Transcribe exactly, leaving out pictures, the lines from the one that holds "The smiling celebrant" through the end of the data below, including both end lines and no others.

*** Opening Records for this exercise ***

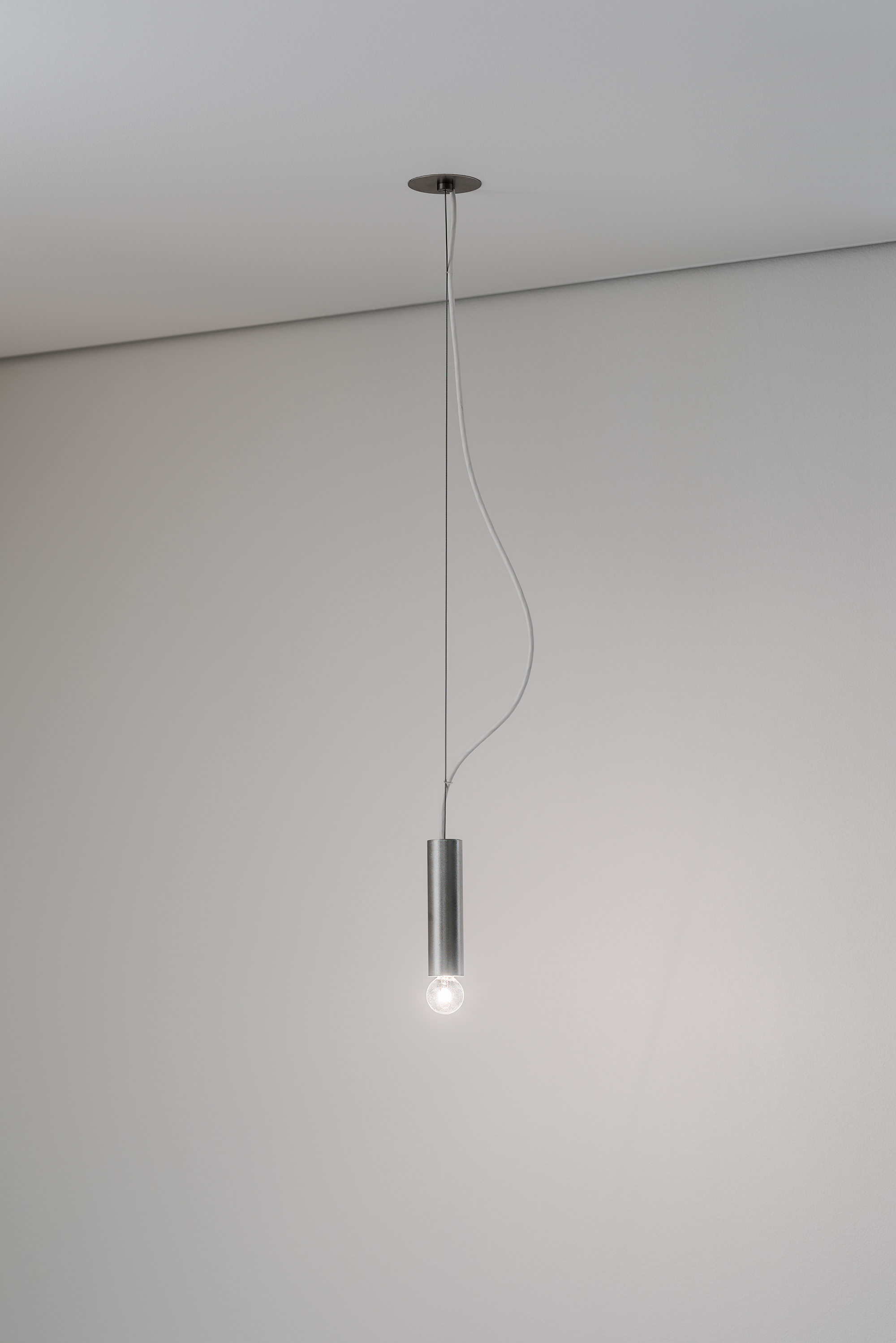 Single pendant light fixture with cylindrical metal shade suspended from ceiling by thin cord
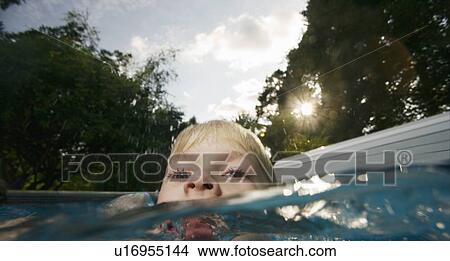 Picture - Boy in pool. Fotosearch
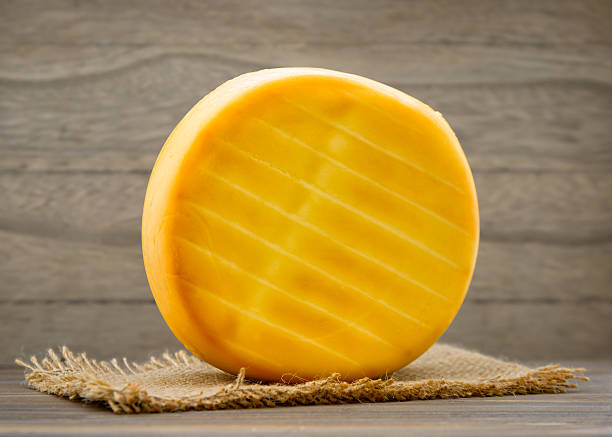 Parmesan cheese wheel on white background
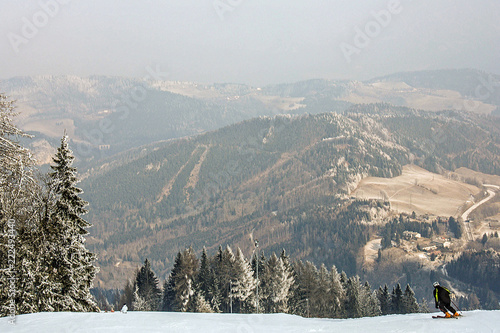 The skier is rolling down from the top of the snow-capped hill on the alpine skiing. Alps, ski resorrt Semmering, Austria. Beautiful view.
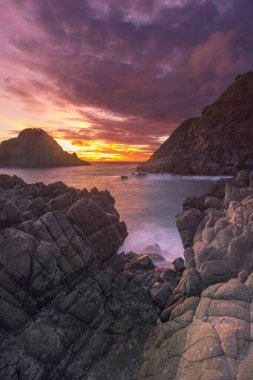 Güneş ışığına maruz kaldığı için kırmızımsı olan mavi deniz manzarası Telawas sahilinde, Lombok, Endonezya 'da alacakaranlıkta sıralanmış siyah kayalar.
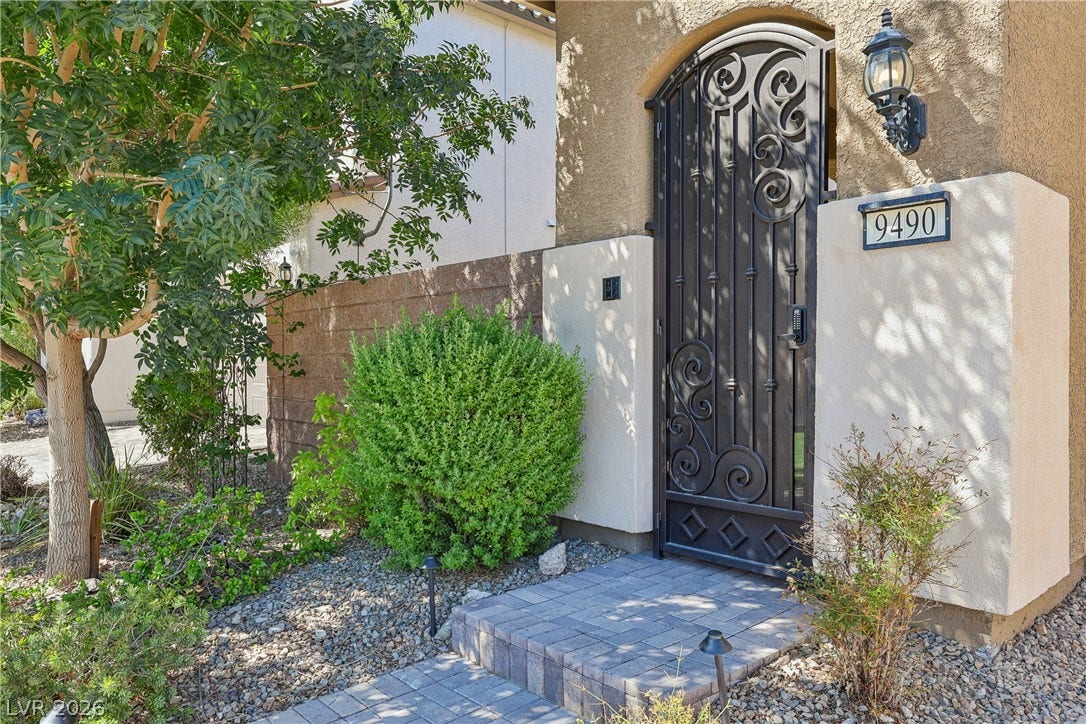 9490 Wild Valley Avenue, Las Vegas, NV 89148 An arched wrought-iron gate secures the private entryway of this stucco home.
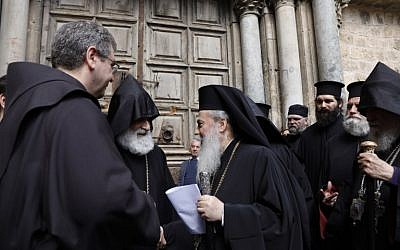 Le patriarche grec-orthodoxe de Jérusalem Théophile III lit un communiqué à la presse aux côtés du gardien de la terre sainte, le frère Francesco Patton et de l'évêque arménien Siwan,à gauche, devant les portes closes de l'église du saint-sépulcre, dans la Vieille Ville de Jérusalem, le 25 février 2018 (Crédit : AFP/ GALI TIBBON)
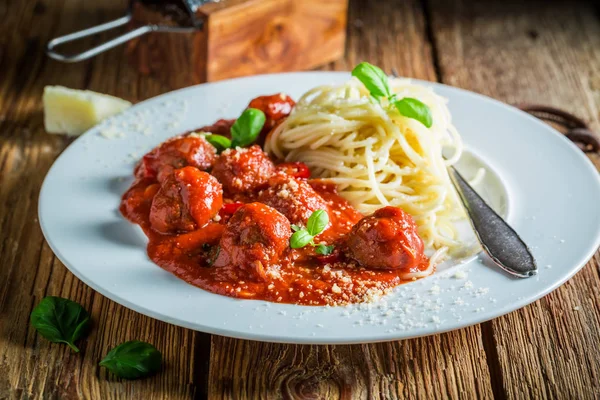 Tasty pasta bolognese with meatballs and parmesan — Stock Photo, Image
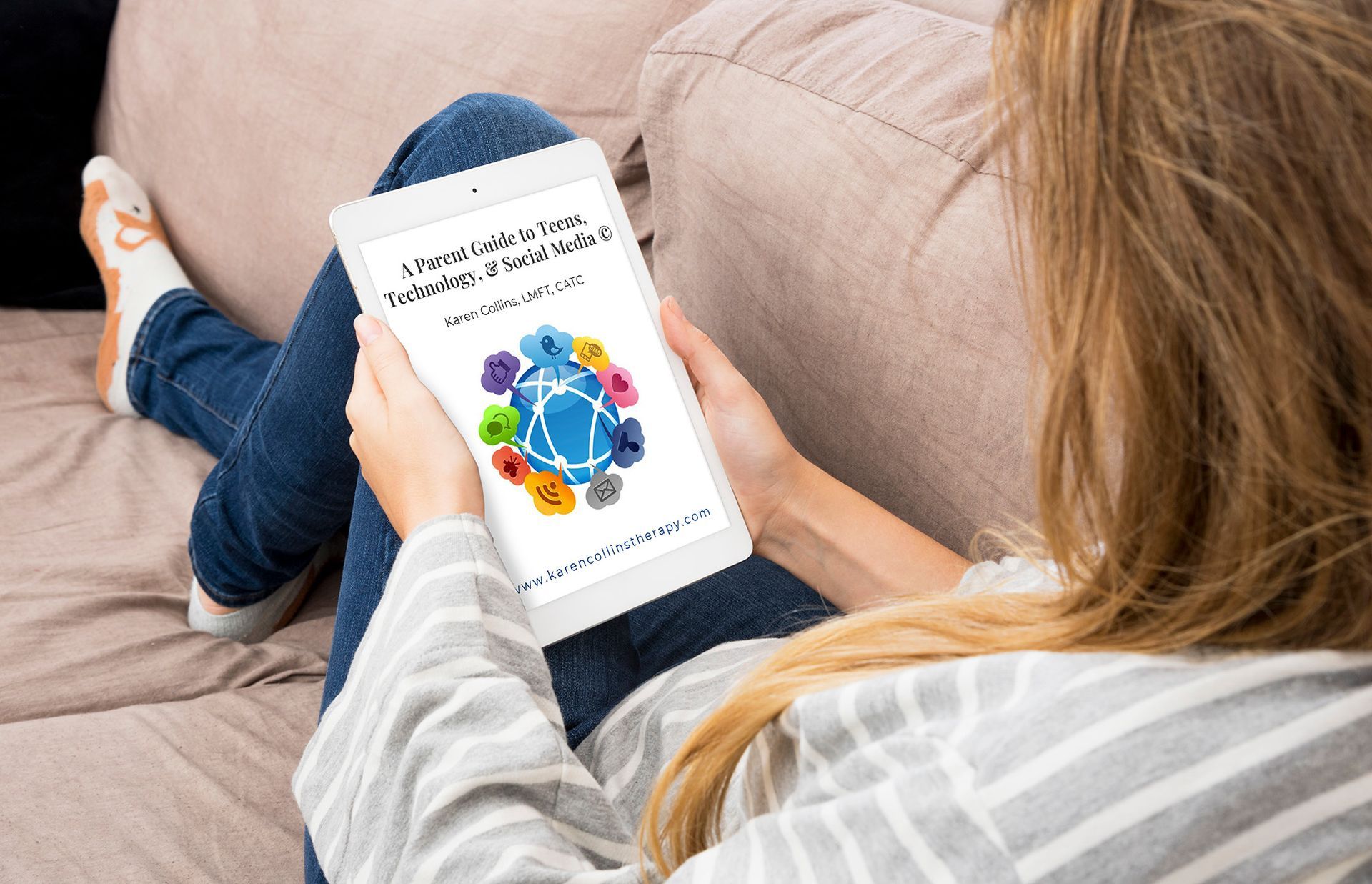 A woman is sitting on a couch holding a tablet.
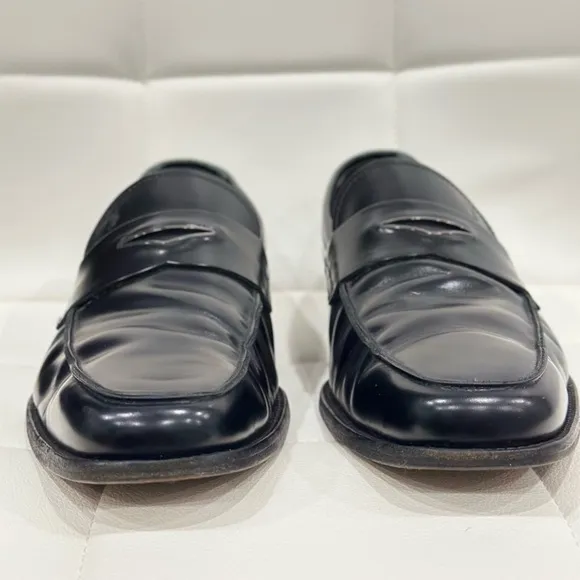 Tod's Black Leather Penny Loafers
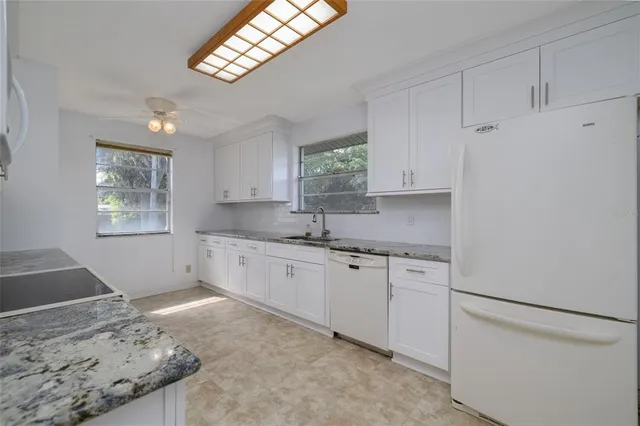 a kitchen with granite countertop white cabinets and white appliances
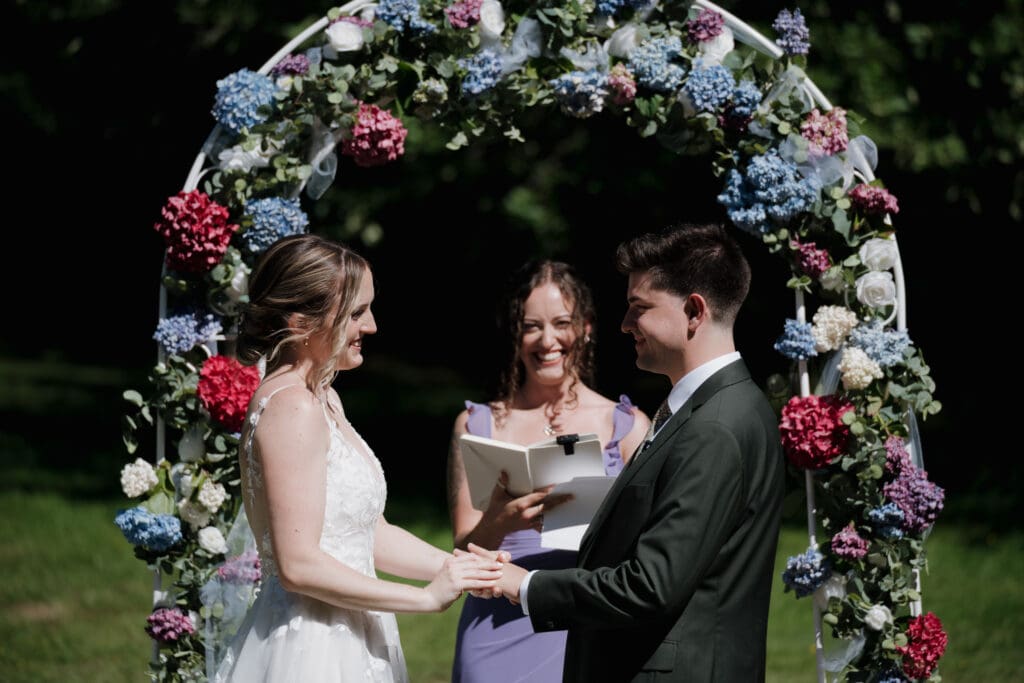 The smiling celebrant at an outdoor wedding on Vancouver Island.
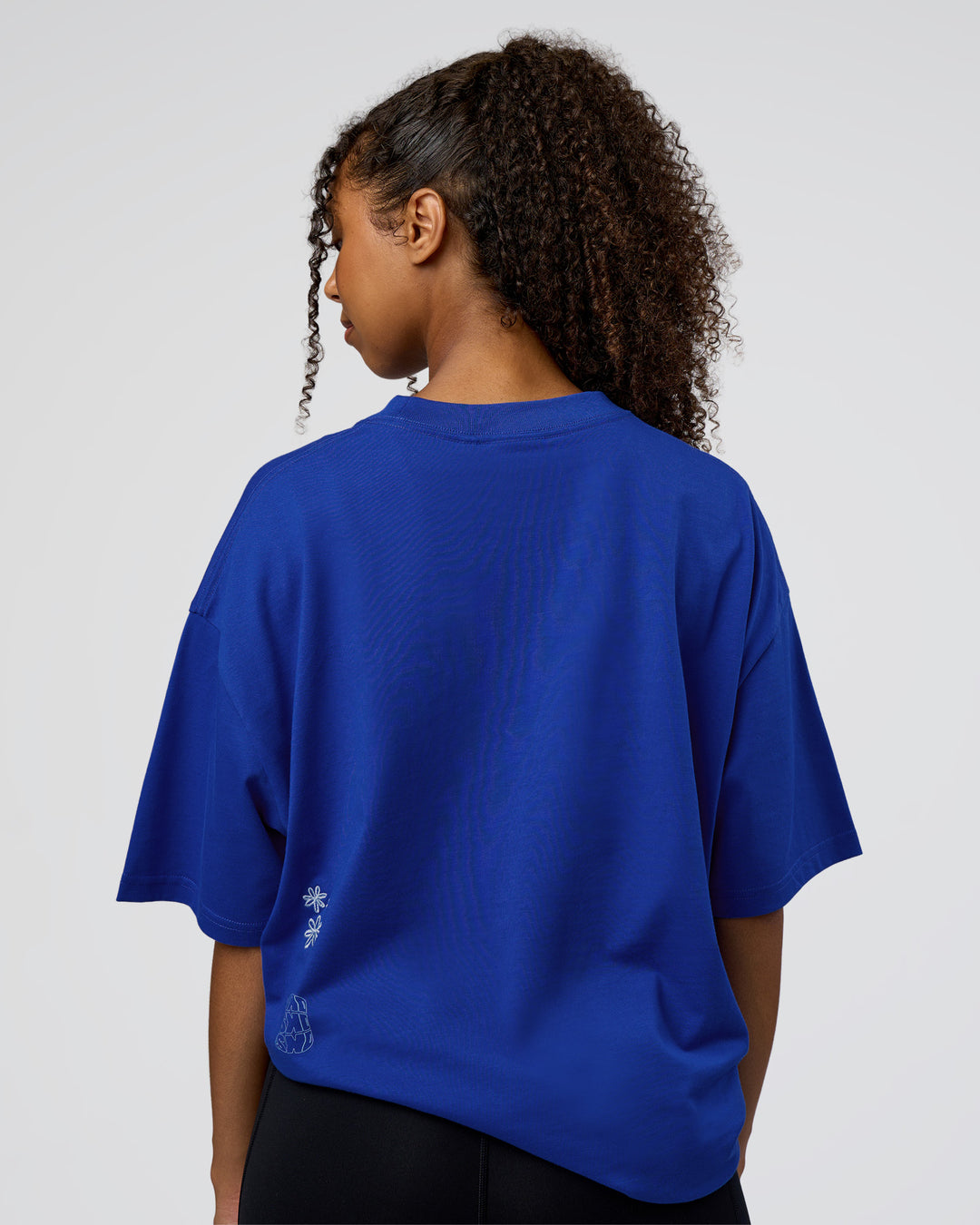 Woman wearing Sticker Heavyweight Oversized Tee - Electric Indigo-Baltic Sea | Model:Jordan | Size:XS - view 5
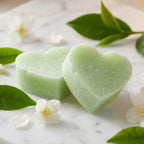 Carrés fondants thé vert cœur ByBazz avec feuilles de thé frais sur marbre blanc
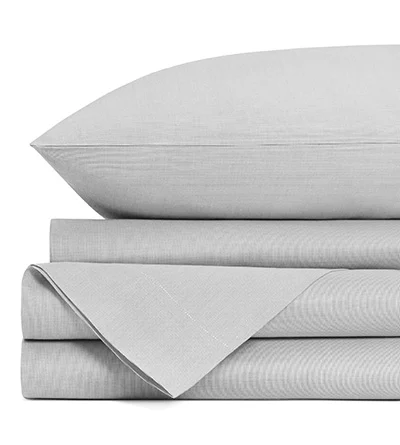 A partially visible and folded set of light gray sheets set against a white background.

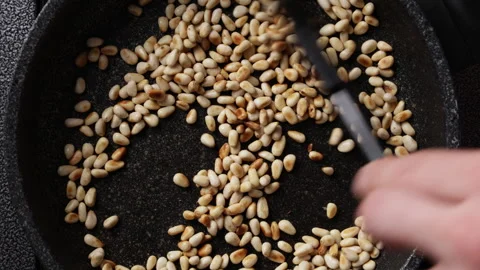 Stirring Pine Nuts Close Up Top View Видео 337190669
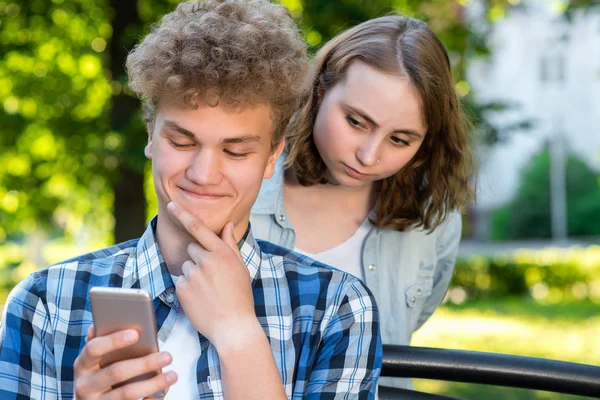 Genç bir adam seyir telefon bir mesaj okuyor. Bir adamla bir kız doğa yaz. Arkadan kız casuslar. Güvensizlik kavramı. Muhatap gözetleme.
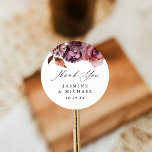 Rustic Autumn Marsala Floral Wedding Thank You Classic Round Sticker<br><div class="desc">Rustic floral wedding thank you stickers featuring watercolor fall flowers and foliage in shades of marsala, burgundy, purple, brown, and rust-orange. The elegant fall floral design is complimented by "thank you" displayed in a modern calligraphy script. Personalize the wedding thank you stickers with your names and wedding date. The autumn...</div>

*** Closing Records for this exercise ***

#### [Exercise result]
 The smiling celebrant at an outdoor wedding on Vancouver Island.
 Woman wearing Sticker Heavyweight Oversized Tee - Electric Indigo-Baltic Sea | Model:Jordan | Size:XS - view 5
 Carrés fondants thé vert cœur ByBazz avec feuilles de thé frais sur marbre blanc
 A partially visible and folded set of light gray sheets set against a white background.

 Stirring Pine Nuts Close Up Top View Видео 337190669
 Genç bir adam seyir telefon bir mesaj okuyor. Bir adamla bir kız doğa yaz. Arkadan kız casuslar. Güvensizlik kavramı. Muhatap gözetleme.
 Rustic Autumn Marsala Floral Wedding Thank You Classic Round Sticker<br><div class="desc">Rustic floral wedding thank you stickers featuring watercolor fall flowers and foliage in shades of marsala, burgundy, purple, brown, and rust-orange. The elegant fall floral design is complimented by "thank you" displayed in a modern calligraphy script. Personalize the wedding thank you stickers with your names and wedding date. The autumn...</div>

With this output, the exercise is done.